Dataset items:
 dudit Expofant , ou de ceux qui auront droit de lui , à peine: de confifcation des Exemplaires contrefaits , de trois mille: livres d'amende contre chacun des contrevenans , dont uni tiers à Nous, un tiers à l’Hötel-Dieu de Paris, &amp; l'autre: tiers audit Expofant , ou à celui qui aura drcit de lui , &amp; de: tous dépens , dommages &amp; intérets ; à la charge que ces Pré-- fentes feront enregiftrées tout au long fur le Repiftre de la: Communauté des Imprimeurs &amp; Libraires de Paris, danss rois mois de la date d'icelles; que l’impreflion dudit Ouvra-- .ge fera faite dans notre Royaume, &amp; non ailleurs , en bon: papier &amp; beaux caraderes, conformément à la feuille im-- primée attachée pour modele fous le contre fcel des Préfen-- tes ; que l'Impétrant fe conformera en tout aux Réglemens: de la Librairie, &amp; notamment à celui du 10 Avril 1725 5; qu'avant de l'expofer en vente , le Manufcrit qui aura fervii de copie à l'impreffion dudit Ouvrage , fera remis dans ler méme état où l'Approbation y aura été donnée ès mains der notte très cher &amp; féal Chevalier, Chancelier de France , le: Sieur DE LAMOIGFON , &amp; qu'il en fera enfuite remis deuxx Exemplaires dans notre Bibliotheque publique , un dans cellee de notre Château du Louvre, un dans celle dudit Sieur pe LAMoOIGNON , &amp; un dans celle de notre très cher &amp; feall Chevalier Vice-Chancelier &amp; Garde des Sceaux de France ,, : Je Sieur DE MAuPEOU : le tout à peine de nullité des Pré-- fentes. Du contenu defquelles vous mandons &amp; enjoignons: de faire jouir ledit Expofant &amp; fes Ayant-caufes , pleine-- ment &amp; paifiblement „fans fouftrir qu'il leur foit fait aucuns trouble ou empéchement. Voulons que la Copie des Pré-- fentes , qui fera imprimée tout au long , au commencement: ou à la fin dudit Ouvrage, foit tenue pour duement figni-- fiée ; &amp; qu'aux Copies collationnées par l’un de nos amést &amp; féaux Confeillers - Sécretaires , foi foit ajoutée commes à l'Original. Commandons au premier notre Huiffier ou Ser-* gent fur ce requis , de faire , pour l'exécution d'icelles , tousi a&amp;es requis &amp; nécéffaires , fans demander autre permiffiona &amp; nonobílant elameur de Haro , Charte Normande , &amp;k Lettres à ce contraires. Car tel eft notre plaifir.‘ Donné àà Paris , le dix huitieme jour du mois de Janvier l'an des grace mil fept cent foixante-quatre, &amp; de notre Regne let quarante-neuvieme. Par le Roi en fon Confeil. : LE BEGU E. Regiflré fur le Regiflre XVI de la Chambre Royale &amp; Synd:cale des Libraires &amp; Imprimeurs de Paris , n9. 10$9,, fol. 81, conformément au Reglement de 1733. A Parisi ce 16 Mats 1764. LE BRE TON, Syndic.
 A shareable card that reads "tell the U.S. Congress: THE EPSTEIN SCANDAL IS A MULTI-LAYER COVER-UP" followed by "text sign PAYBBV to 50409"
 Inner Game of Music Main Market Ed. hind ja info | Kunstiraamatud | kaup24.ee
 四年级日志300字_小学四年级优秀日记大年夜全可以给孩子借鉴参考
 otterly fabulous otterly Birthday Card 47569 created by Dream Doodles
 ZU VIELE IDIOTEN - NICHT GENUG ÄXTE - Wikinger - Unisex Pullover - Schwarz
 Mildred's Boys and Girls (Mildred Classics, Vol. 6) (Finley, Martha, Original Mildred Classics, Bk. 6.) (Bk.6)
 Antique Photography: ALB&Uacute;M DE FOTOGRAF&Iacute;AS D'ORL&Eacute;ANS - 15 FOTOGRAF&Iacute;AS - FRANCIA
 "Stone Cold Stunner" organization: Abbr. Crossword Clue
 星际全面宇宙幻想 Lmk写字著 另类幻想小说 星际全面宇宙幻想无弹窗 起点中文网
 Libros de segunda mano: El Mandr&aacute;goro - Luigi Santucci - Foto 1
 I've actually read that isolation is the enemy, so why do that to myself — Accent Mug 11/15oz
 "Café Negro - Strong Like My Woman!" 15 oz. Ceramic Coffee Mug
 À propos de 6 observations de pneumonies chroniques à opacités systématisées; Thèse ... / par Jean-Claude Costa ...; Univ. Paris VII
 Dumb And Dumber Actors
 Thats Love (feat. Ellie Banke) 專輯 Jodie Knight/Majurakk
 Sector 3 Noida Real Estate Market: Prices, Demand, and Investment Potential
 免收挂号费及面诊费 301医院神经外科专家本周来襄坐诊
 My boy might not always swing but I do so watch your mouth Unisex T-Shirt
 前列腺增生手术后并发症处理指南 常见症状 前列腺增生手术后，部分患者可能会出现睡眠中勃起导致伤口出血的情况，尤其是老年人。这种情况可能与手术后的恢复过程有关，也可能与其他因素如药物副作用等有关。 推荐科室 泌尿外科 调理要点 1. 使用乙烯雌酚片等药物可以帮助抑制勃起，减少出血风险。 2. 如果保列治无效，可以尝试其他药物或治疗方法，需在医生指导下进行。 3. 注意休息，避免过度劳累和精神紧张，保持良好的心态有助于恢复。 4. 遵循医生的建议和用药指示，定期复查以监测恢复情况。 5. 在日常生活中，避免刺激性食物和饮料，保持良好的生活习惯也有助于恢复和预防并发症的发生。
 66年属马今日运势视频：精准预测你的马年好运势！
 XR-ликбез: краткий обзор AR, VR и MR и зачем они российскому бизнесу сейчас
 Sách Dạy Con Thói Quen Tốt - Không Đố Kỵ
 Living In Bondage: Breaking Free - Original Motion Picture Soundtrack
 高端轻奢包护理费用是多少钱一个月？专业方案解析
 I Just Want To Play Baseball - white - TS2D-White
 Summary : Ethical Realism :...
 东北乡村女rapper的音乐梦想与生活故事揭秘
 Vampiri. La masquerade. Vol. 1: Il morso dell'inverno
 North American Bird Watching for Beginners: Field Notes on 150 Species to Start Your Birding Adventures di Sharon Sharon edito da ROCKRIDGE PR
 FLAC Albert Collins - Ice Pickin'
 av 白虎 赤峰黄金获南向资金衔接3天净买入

* PROBLEM STATEMENT *
Your answer should consist only of the lines from the one with "Libros de segunda" through the last line of the entries above, retyped exactly.

* RESPONSE AREA *
 Libros de segunda mano: El Mandr&aacute;goro - Luigi Santucci - Foto 1
 I've actually read that isolation is the enemy, so why do that to myself — Accent Mug 11/15oz
 "Café Negro - Strong Like My Woman!" 15 oz. Ceramic Coffee Mug
 À propos de 6 observations de pneumonies chroniques à opacités systématisées; Thèse ... / par Jean-Claude Costa ...; Univ. Paris VII
 Dumb And Dumber Actors
 Thats Love (feat. Ellie Banke) 專輯 Jodie Knight/Majurakk
 Sector 3 Noida Real Estate Market: Prices, Demand, and Investment Potential
 免收挂号费及面诊费 301医院神经外科专家本周来襄坐诊
 My boy might not always swing but I do so watch your mouth Unisex T-Shirt
 前列腺增生手术后并发症处理指南 常见症状 前列腺增生手术后，部分患者可能会出现睡眠中勃起导致伤口出血的情况，尤其是老年人。这种情况可能与手术后的恢复过程有关，也可能与其他因素如药物副作用等有关。 推荐科室 泌尿外科 调理要点 1. 使用乙烯雌酚片等药物可以帮助抑制勃起，减少出血风险。 2. 如果保列治无效，可以尝试其他药物或治疗方法，需在医生指导下进行。 3. 注意休息，避免过度劳累和精神紧张，保持良好的心态有助于恢复。 4. 遵循医生的建议和用药指示，定期复查以监测恢复情况。 5. 在日常生活中，避免刺激性食物和饮料，保持良好的生活习惯也有助于恢复和预防并发症的发生。
 66年属马今日运势视频：精准预测你的马年好运势！
 XR-ликбез: краткий обзор AR, VR и MR и зачем они российскому бизнесу сейчас
 Sách Dạy Con Thói Quen Tốt - Không Đố Kỵ
 Living In Bondage: Breaking Free - Original Motion Picture Soundtrack
 高端轻奢包护理费用是多少钱一个月？专业方案解析
 I Just Want To Play Baseball - white - TS2D-White
 Summary : Ethical Realism :...
 东北乡村女rapper的音乐梦想与生活故事揭秘
 Vampiri. La masquerade. Vol. 1: Il morso dell'inverno
 North American Bird Watching for Beginners: Field Notes on 150 Species to Start Your Birding Adventures di Sharon Sharon edito da ROCKRIDGE PR
 FLAC Albert Collins - Ice Pickin'
 av 白虎 赤峰黄金获南向资金衔接3天净买入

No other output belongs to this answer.